■ TASK ITEM ■
What is needed is every line from the one holding "めっちゃスイスク京都店 上门服务 REIKA" to the last line of the data below, printed exactly and without pictures.

■ AVAILABLE RECORDS ■
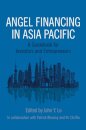 Angel Financing in Asia Pacific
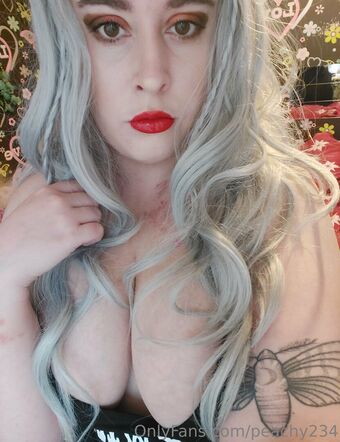 peachy234 Foto Nude Leaked OnlyFans 11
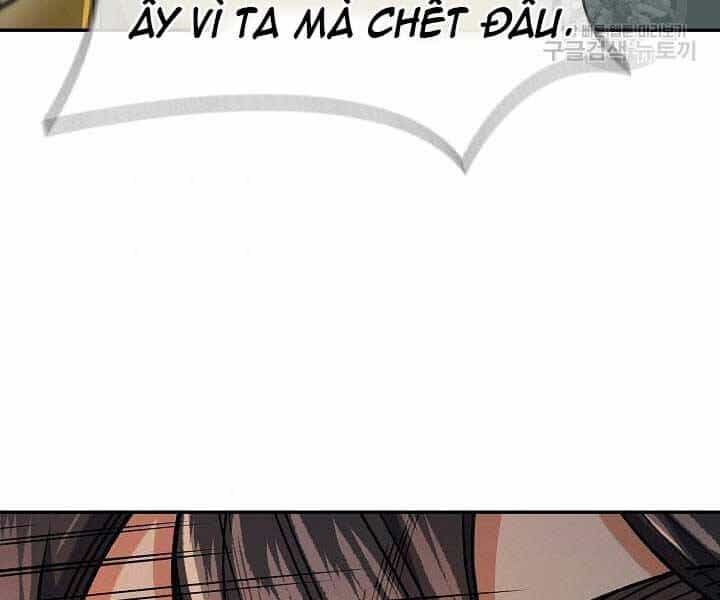 Quán Trọ Phong Ba - Chương 75 - ảnh 73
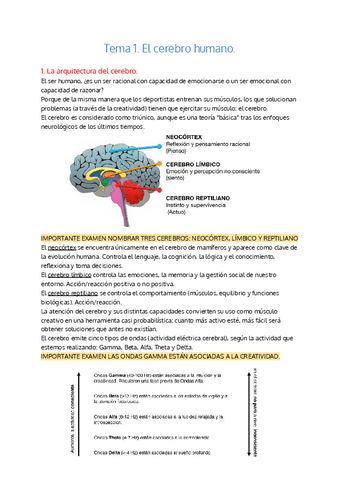 Tema-1-Fundamentos-de-la-Creatividad..pdf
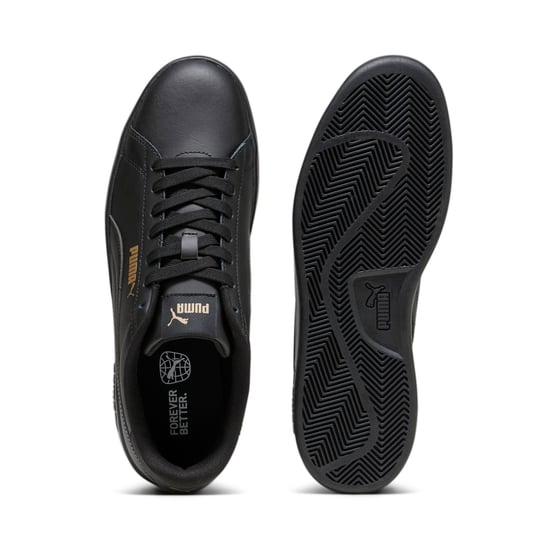 PUMA Unisex Smash 3.0 L Sneakers - Image 6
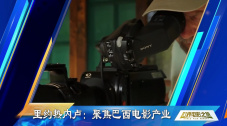 亚洲国产另类久久久精品小说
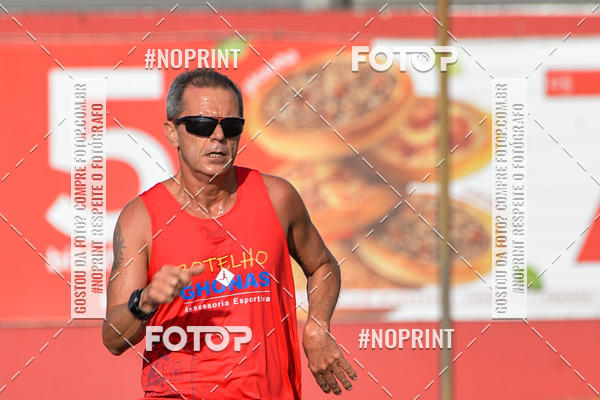 Buy your photos of the event47� CORRIDA DUQUE DE CAXIAS on Fotop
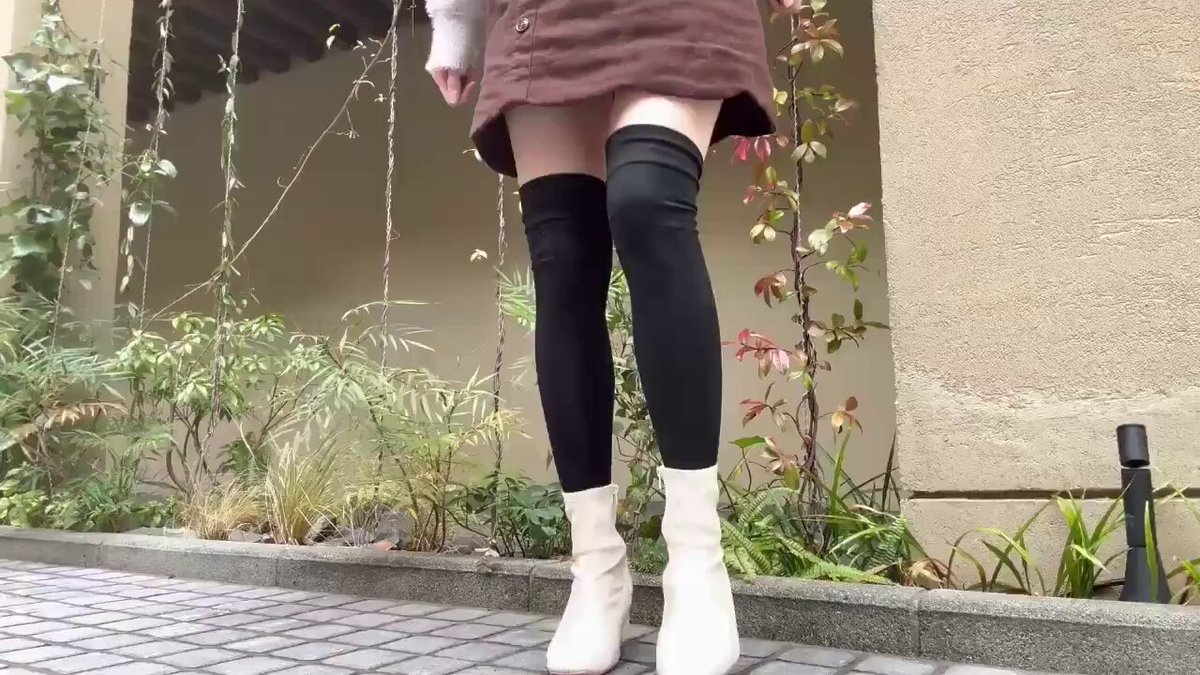 まなかさんのエロ画像、2025年05月04日06時15分00秒に投稿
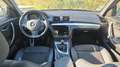 BMW 130 130i 258 M Sport Zwart - thumbnail 11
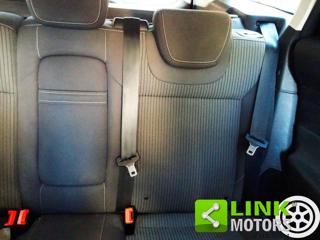 FORD Focus usata, con Servosterzo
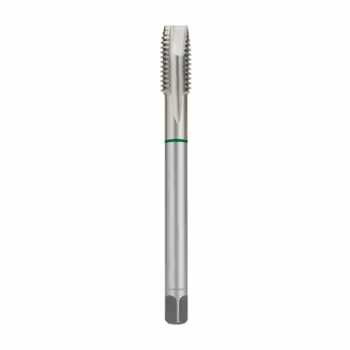 RUKO Maskingängtapp M DIN 376 HSSE Co5 M3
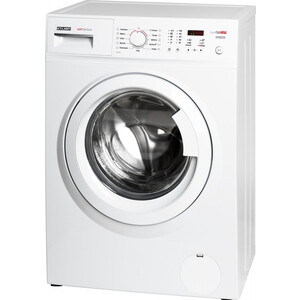 Стиральная машина Atlant СМА 60У105-00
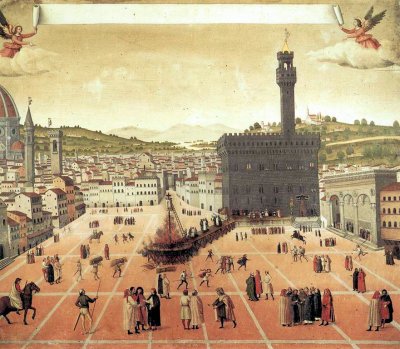 Savonarola_execution_big.jpg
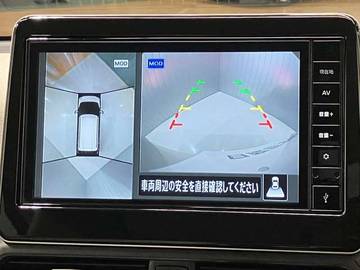 複数画像15
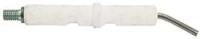LOT DE 5 BOUGIES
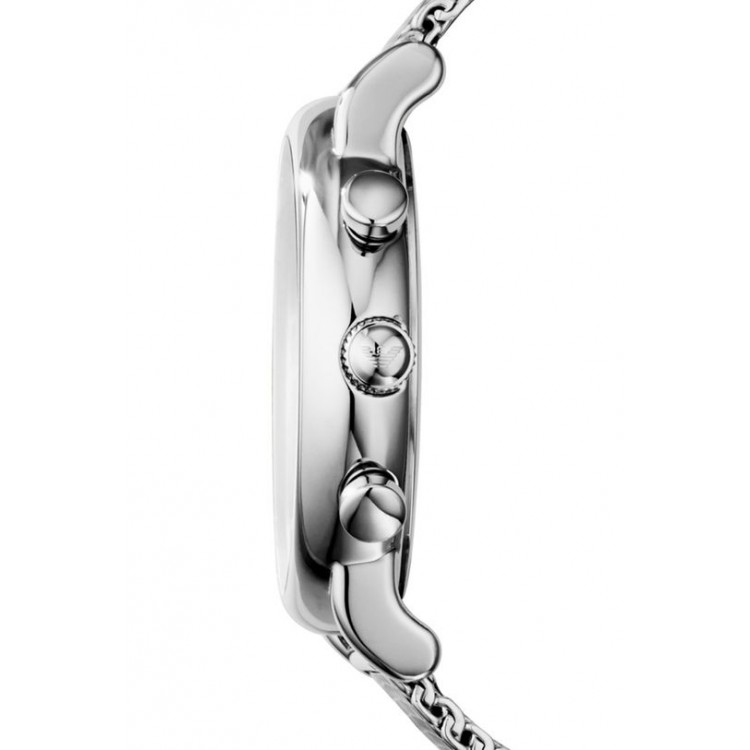 Ceas Barbati, Emporio Armani, Luigi AR1811 Ceas Barbati, Emporio Armani, Luigi AR1811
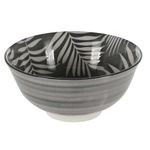 Bowl-ceramica-570-ml-decorado-negro-0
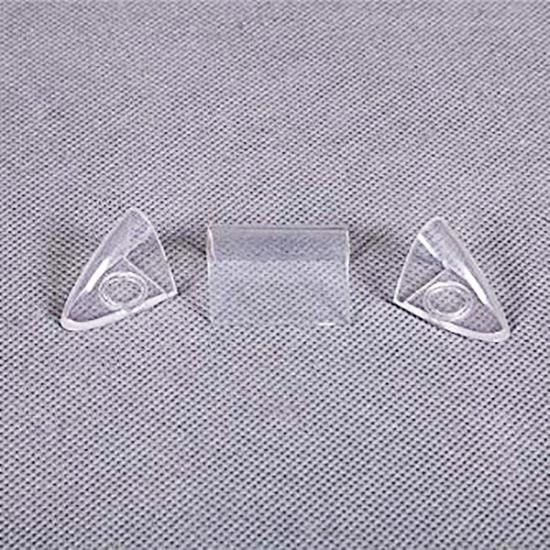 FMS CESSNA 182 (V2) LAMP COVER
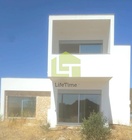Moradia T3 - Santa Catarina, Tavira, Faro (Algarve) - Miniatura: 2/9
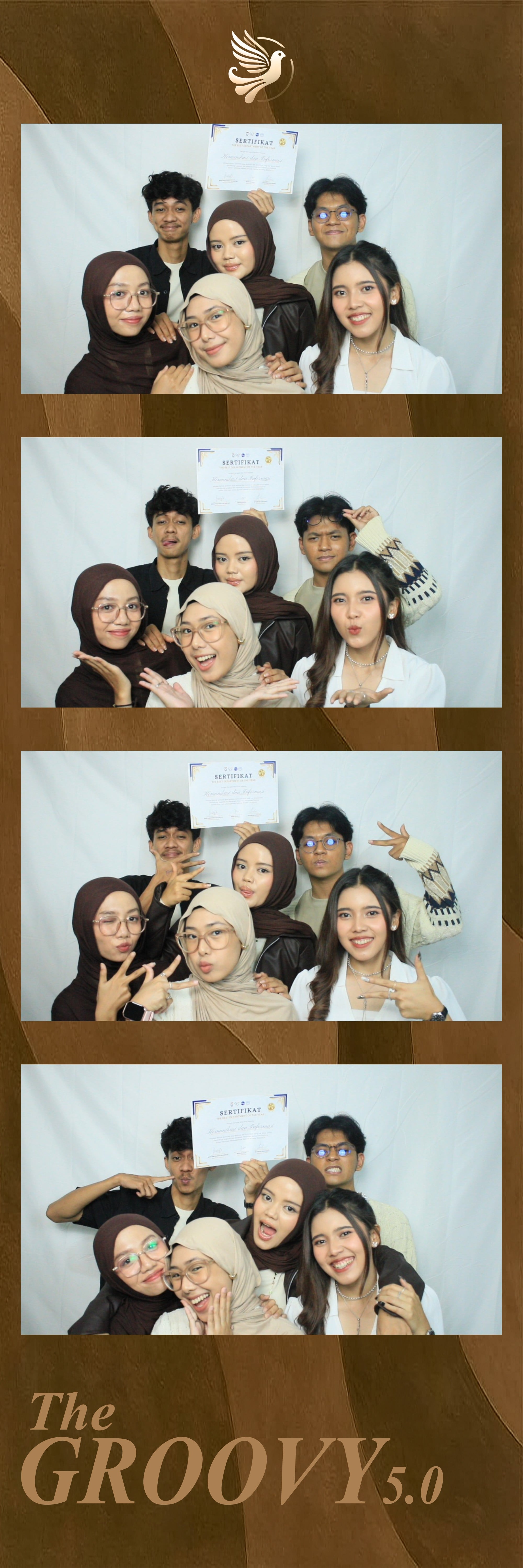 Photobooth showcase 16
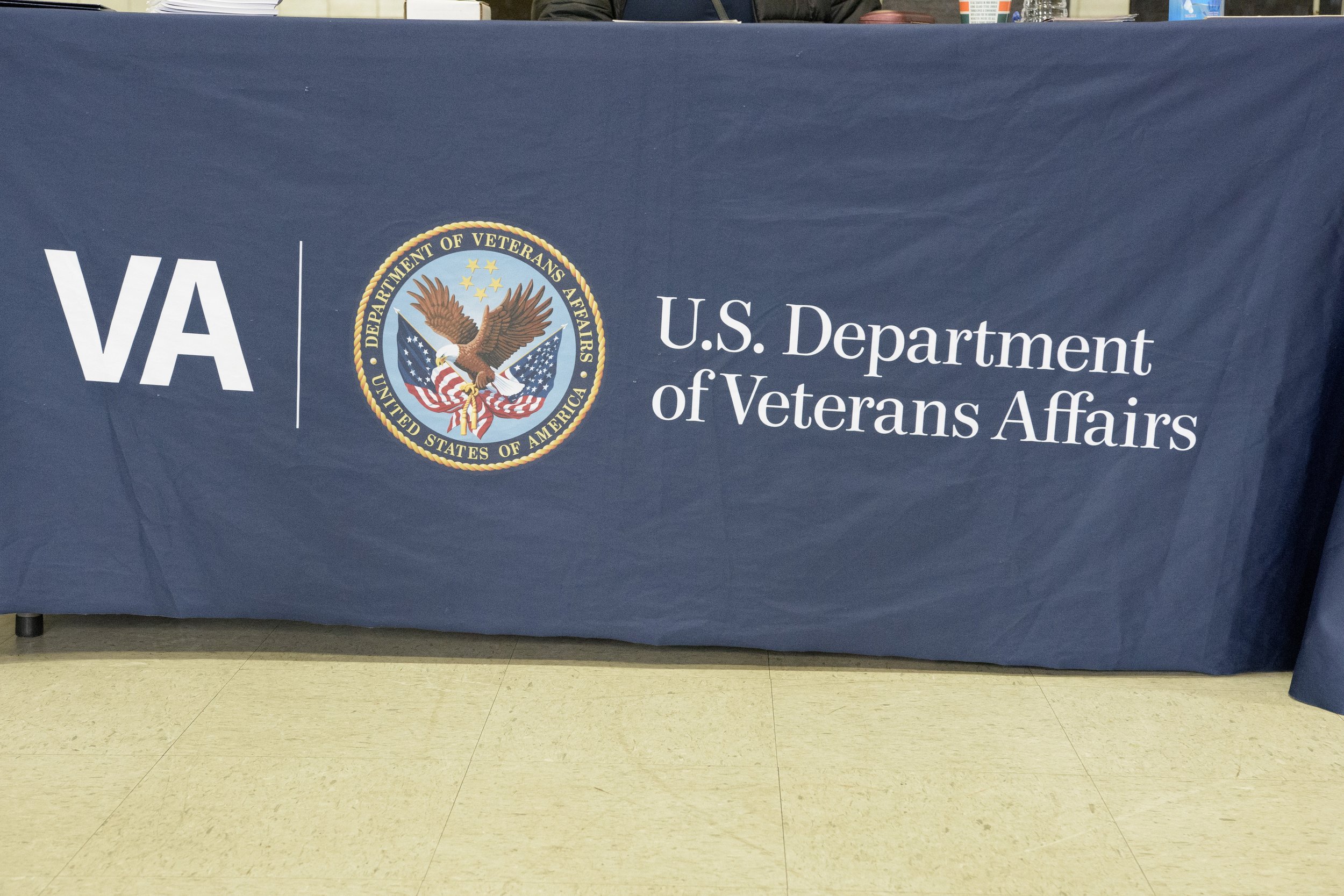 18-DSC_3222.jpg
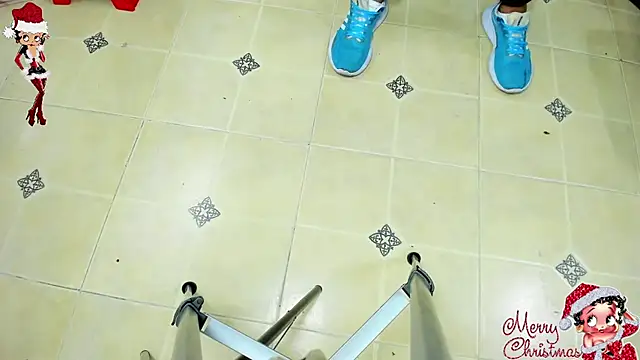 playsgirlhot live sex cam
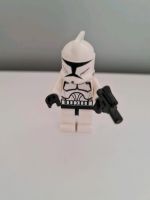 Lego Star Wars Figur Clone Trooper (2008) Bayern - Bad Wörishofen Vorschau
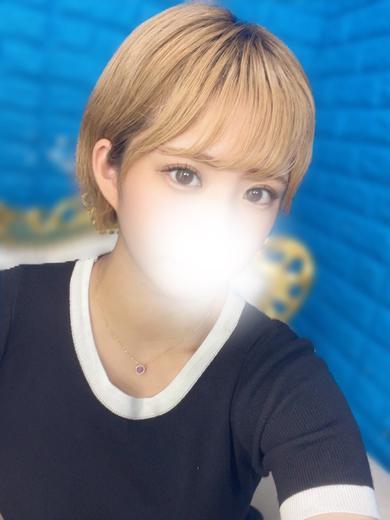 めっちゃスイスク京都店 上门服务 REIKA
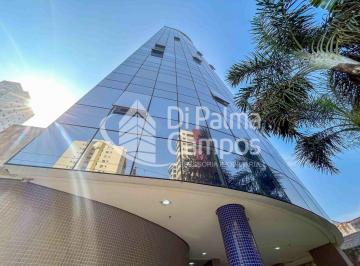 Comercial · 28m² · 1 Vaga · Sala comercial mobiliada de 28m² com vaga para alugar no bairro do Ipiranga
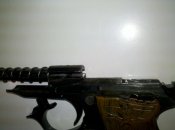 2012-06-18 12.57.57.jpg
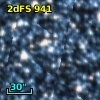 2MASS J00533620-7225279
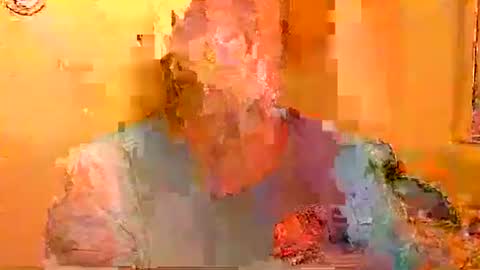 karlpal online show from September 28, 8:36 pm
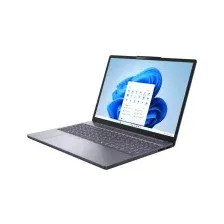 LENOVO IDEAPAD SLIM 3 15IRH10R 83K4000ERK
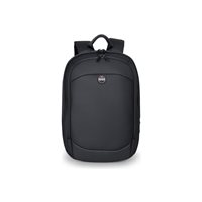 PORT Designs Eco Chicago Evo - Notebook-väska - utbyggbar -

■ SOLUTION BELOW ■
 めっちゃスイスク京都店 上门服务 REIKA
 Comercial · 28m² · 1 Vaga · Sala comercial mobiliada de 28m² com vaga para alugar no bairro do Ipiranga
 2012-06-18 12.57.57.jpg
 2MASS J00533620-7225279
 karlpal online show from September 28, 8:36 pm
 LENOVO IDEAPAD SLIM 3 15IRH10R 83K4000ERK
 PORT Designs Eco Chicago Evo - Notebook-väska - utbyggbar -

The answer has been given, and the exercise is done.